↓

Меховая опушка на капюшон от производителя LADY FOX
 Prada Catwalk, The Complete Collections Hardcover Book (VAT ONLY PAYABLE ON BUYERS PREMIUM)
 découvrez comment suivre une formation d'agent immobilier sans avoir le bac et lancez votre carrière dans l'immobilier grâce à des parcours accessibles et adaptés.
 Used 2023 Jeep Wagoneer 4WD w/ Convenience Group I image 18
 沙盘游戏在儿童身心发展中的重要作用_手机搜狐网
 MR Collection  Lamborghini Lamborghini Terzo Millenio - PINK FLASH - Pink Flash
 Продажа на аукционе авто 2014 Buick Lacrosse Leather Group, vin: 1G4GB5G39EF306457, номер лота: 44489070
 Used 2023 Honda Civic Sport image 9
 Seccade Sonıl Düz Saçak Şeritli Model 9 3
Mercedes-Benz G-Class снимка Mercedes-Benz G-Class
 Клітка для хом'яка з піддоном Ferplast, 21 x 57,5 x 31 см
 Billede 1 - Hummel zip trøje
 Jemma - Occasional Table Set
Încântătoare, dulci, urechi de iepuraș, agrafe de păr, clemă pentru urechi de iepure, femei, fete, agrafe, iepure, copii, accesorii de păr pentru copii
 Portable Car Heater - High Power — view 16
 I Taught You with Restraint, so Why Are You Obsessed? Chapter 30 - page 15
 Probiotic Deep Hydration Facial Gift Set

↑

> YOUR TASK: What you give back must be the stretch above, starting at the line with "Prada Catwalk, The" and ending at the line with "沙盘游戏在儿童身心发展中的重要作用_手机搜狐网", copied exactly.

> ANSWER TO THE PROBLEM:
 Prada Catwalk, The Complete Collections Hardcover Book (VAT ONLY PAYABLE ON BUYERS PREMIUM)
 découvrez comment suivre une formation d'agent immobilier sans avoir le bac et lancez votre carrière dans l'immobilier grâce à des parcours accessibles et adaptés.
 Used 2023 Jeep Wagoneer 4WD w/ Convenience Group I image 18
 沙盘游戏在儿童身心发展中的重要作用_手机搜狐网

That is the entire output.